Heimito von Doderer – Die Wasserfälle von Slunj

CN: sexuelle Handlungen, Erwähnung von Prostitution, Verwendung des Begriffs „Zigeuner“, Alkoholismus, Beziehungsgewalt, Depression


Damit fiel dem Pēpi vom aufgeschossenen Bäumchen seiner Erkenntnis eine Frucht von Blei auf den Kopf.

Schon lange war ich nicht mehr so froh, mit einem Buch endlich fertig zu sein … ich hätte es nicht beenden müssen, aber bis ich die benötigten Informationen für den Geocache zusammen hatte, war ich dann doch schon zu weit drin, um es noch aufzugeben. Aber das war echt nicht meins …

Das Format miteinander verbundener Personen und jeweils Einblicke in deren Leben gefällt mir eigentlich sonst ganz gut, aber hier waren es einerseits zu viele verschiedene Personen, als dass ich die Verbindungen noch im Kopf behalten hätte können und andererseits waren mir die Protagonist:innen teilweise einfach zu austauschbar. Zu Beginn verwendet der Autor sehr viel Mühe, die „trojanischen Pferdchen“ Fini und Feverl zu charakterisieren, diese liebevolle Behandlung wird später kaum einem der Charaktere zuteil. Auf der positiven Seite fand ich einige schöne metaphorische Formulierungen, wie die folgende Eisenbahn-Metapher:

Er hätt’ es im Grunde anders erwartet, nach solcher Entgleisung, oder mindestens Zugverwechslung mit falschem Einsteigen.

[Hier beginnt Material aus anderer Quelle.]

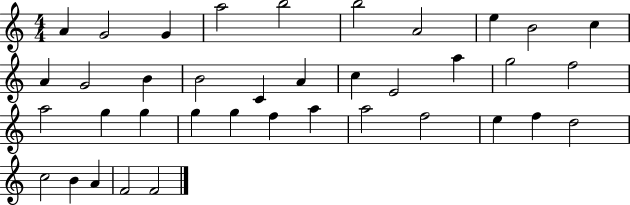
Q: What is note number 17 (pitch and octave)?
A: C5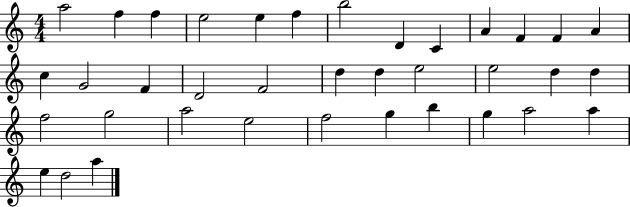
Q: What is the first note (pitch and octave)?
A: A5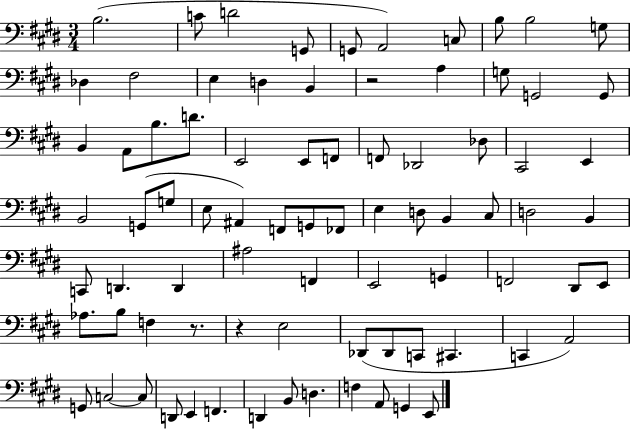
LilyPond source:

Fazit: Wäre es nicht wegen des Geocaches gewesen, hätte ich dieses Buch zuerst nie zur Hand genommen und dann sicher nicht fertig gelesen. Nur muss ich mir jetzt für die Lösung des Geocaches auch noch das Fragment der Fortsetzung zu Gemüte führen, das hoffentlich nicht so viele Seiten aufweist …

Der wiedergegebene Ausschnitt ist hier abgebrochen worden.